/Wools-web-scraper

Code challenge solved through focusing on OOP and SOLID principles in May 2023

Primary LanguagePython

Steps to understand this code challenge solution

  1. Read challenge-description.pdf
  2. Read this README
  3. Dive into the code, wools_scraping_orchestrator.py is a good starting point

Solution discussion

Design and Development Considerations

  • I have assumed the logical scope of this challenge is only the backend.

  • To facilitate design discussion and later make iterations over it, I would have designed UML diagrams such as class or component diagrams before beginning the coding phase.

  • The backend utilizes web scraping techniques employing the requests and bs4 modules (since loading a browser is expensive) to extract data from the selected websites. To enhance performance and accuracy, web scraping is carried out utilizing the website's native browser, leveraging their optimized search algorithms. However, it is necessary to implement additional logic to verify that the located product corresponds to the desired one, as information on web pages can occasionally be unreliable.

  • If the code or data format of a web page changes, exceptions will occur in the corresponding website scraper, alerting developers that adaptation is required. The parsing process for the remaining websites will continue as usual.

  • For this challenge, to store the data I will use an easy to read self-descriptive JSON file:

{
   "wools":[
      {
         "brand":"Drops",
         "model":"Safran",
         "offeredInPlatforms":[
            {
               "platform":"Wollplatz",
               "info":{
                  "price":10,
                  "composition":"cotton",
                  ...
               }
            }
         ]
      }
   ]
}
  • The code has been tested with Python 3.10

Future considerations

  • The scraper classes can be further divided into separate Crawler and Parser classes if more complex web scraping is required.

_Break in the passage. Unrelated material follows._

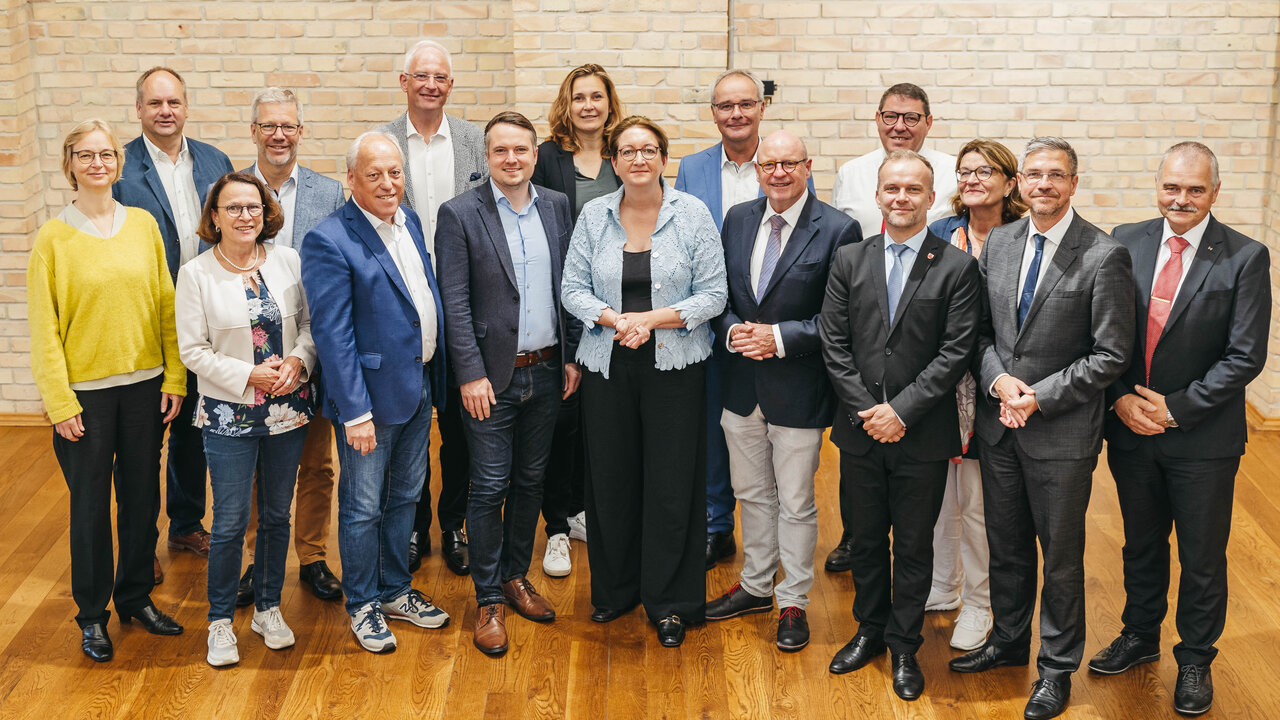 Gruppenbild der Präsidiumsmitglieder des Deutschen Städtetages mit Präsident Markus Lewe, Hauptgeschäftsführer Helmut Dedy und Beigeordneten sowie Bundesbauministerin Klara Geywitz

  • Taking advantage of the microservices architecture, a FastAPI or Flask API could be developed for the backend, following REST principles, with the following endpoints:

    • POST /wools: Adds a new wool product. Given a list of websites and a list of woll balls' search info (in this case brand and model), it scrapes (crawling and parsing included) and stores in the backend the available data,
    • GET /wools : Returns a list of all wools available

    If required by website requirements, additional endpoints could be added, e.g. GET /wools/{brand}/{model}, DELETE /wools/{brand}/{model}

  • A database engine like PostgreSQL or MongoDB could be added. In this case I would choose a non-relational database as it is more scalable, shorter in development time, more flexible to data model changes, and as the web scraping nature leads to data inconsistency.

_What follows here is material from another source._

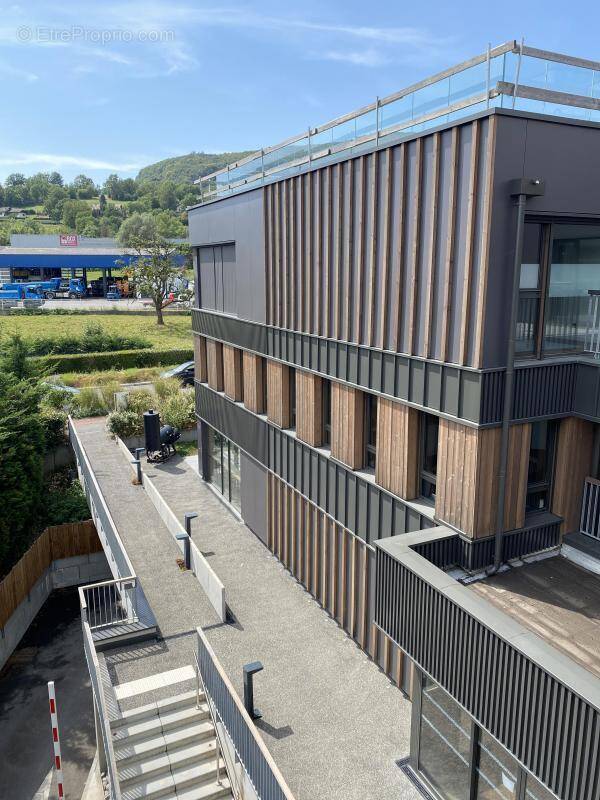 Commerce à ALLONZIER-LA-CAILLE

  • This future whole architecture could also be interpreted as a MVC architecture, being the backend the Model and Controller.

  • I would have added pytest unit and integration tests, though I think it's already sufficient to make a decision at this stage of the interview process

Tools

  • PyCharm with IdeaVim plugin.
  • Python Virtual Environments.
  • I strive to adhere to clean code principles such as SOLID Principles, KISS, YAGNI, The Zen of Python, and Software Design Principles.
  • I would use a linter and include it as a phase in the CI pipeline.
  • I would utilize logging and leverage the advanced features of the built-in logging library.
  • I would adhere to the conventional commits specification.